Michael Owen exaggerating contact in the penalty area at France ’98
Diving has become a contentious issue in football throughout the British Isles, but one does not need to blame the influx of foreigners – a convenient scapegoat – but look closer to home to more of the real problems undermining the national game. During his post-match tirade on Sunday Pulis neglected to acknowledge a stamp from Robert Huth on Luis Suarez or a series of over-the-top bone-crunching challenges from Dean Whitehead and Ryan Shawcross that marked the over-physicality of Stoke’s approach to the game.
For all the furore about diving and its connotations with cheating, acts of violent play that risk careers are far more detrimental to the game’s public image – no one needs reminding of Shawcross’ horror tackle on Aaron Ramsey in 2010, which left the Arsenal midfielder with a double fracture in his lower right leg. Stoke City and Tony Pulis have received much praise from within the media in the last four years for employing ‘uncompromising’ tactics that have ensured their continual safety in the top flight.

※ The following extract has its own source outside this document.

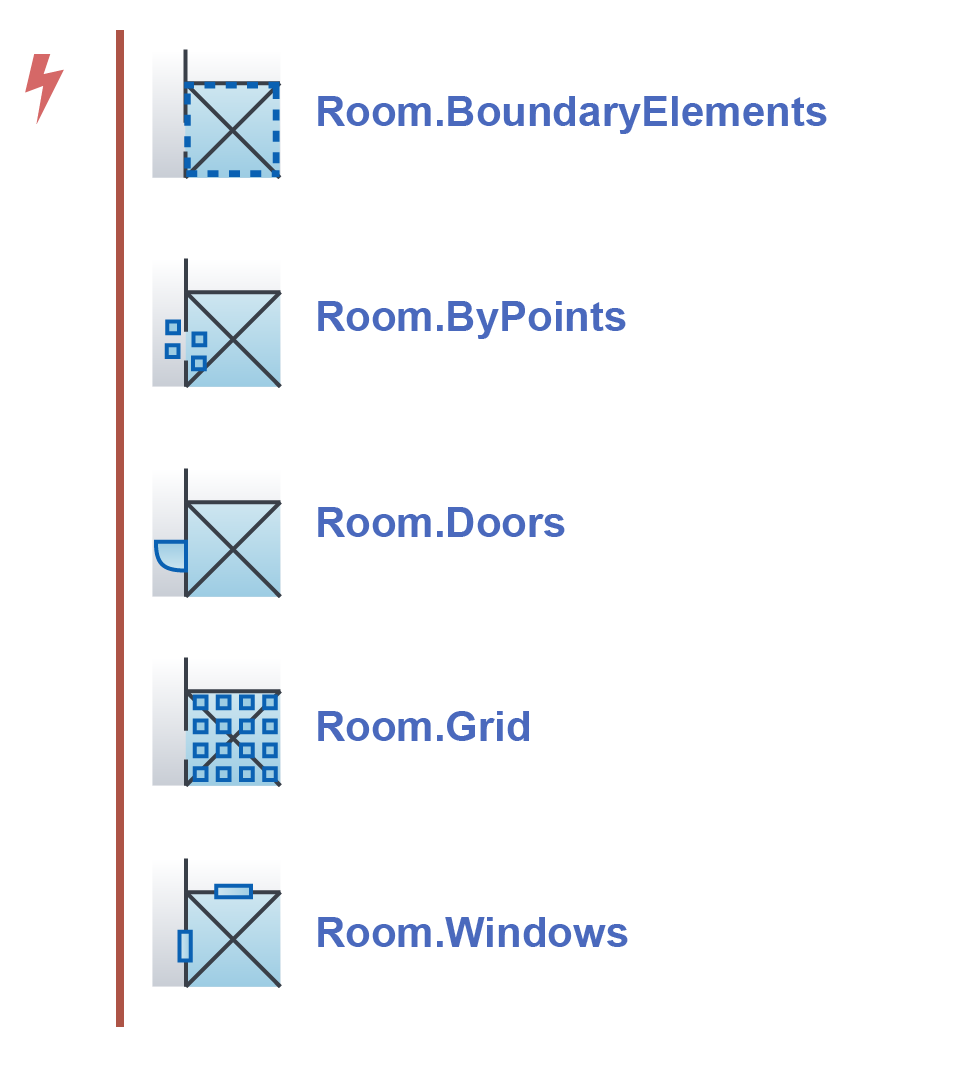 Room nodes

They suffer from a marked lack of ambition, one that is never called into a question due to the very nature of survival tactics.

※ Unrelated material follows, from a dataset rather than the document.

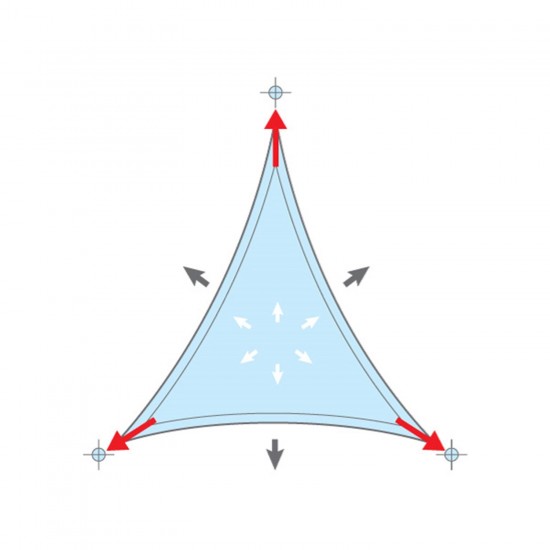 Δίχτυ Σκίασης Παραλλαγής Ερήμου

It says so much about this country that a belly flop garners more exposure and a fiercer reaction than a stamp, or a manager’s tactics that see his side receive six yellow cards in one game. The controversial events of the weekend have exposed the scrambled obsessions of this country, where sporting morality is ranked higher than personal welfare. The dive is admonished for seeking to gain an advantage, branded a disgrace for its sheer propensity whilst the stamp is swept under the carpet and its recipient told to ‘man up.’

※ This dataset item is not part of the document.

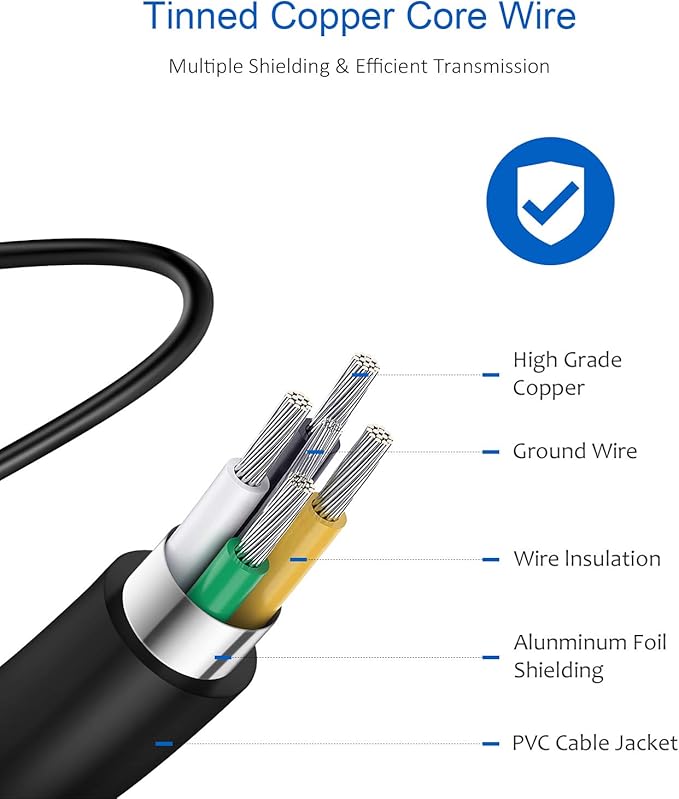 Type C Charger Fast Charging for iPhone 17 16 15,USB C Samsung Chargers Block 25W Super Fast Chargers for Samsung Galaxy S25/S24 S23 S22 S21/iPhone Air/17/17 Pro Max/iPhone 16/16 Pro Max/15 Pro Max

These on-field dramas are not the only actions of footballers that have come in for heavy criticism over the weekend. The national perception of footballers has plummeted to unparalleled depths, their scrambled values universally exposed. The escalation of the fallout from John Terry’s ban for racially abusing Anton Ferdinand rumbled on into international week after Ashley Cole refused to let the issue die. ‘Twatgate’ as it has effectively become known as is indicative of the FA’s lack of responsibility for its own players, whilst acting as another product of modern football’s moral dislocation. Predictably, FA Chairman David Bernstein has accepted Ashley Cole’s remorseful personal apology whilst a bloodthirsty public are forced to believe in the genuine nature of his apology. Belatedly the FA have now launched a code of conduct which holds the power to suspend transgressors, but it remains to be seen how much of a deterrent it will prove to be.
St George’s: The FA’s new centre of excellence
Until the core footballing values of this country are set right then the efficacy of the FA’s new centre of excellence will remain unfulfilled. Indeed, some people now presume that with St. George’s Park open, its legacy will swiftly follow; a case of ‘if we build it they will come.’ It is one thing to possess a thriving training centre but to then presume that the centre alone will act as a coaching hub to ensure the future prosperity of English football is plain ignorant. Better facilities do not necessarily produce better coaches and the FA would do well to recognise that.
To oversee a revolution of footballing values and technical ability the FA would require rigorous leadership, something it has lacked for years. This is the same FA that punishes players for racial discrimination whilst outlining that the accused are not themselves racist. The same FA that deigned to punish a footballer for labelling another a ‘choc-ice.’ The same FA that allocated an FA Cup Semi Final to a stadium that possessed an outdated safety certificate. The same FA that took 23 years to take responsibility for such a disastrous decision. The FA cannot afford to wait a similar length of time to instigate measures that will bring the national game out of its stagnation.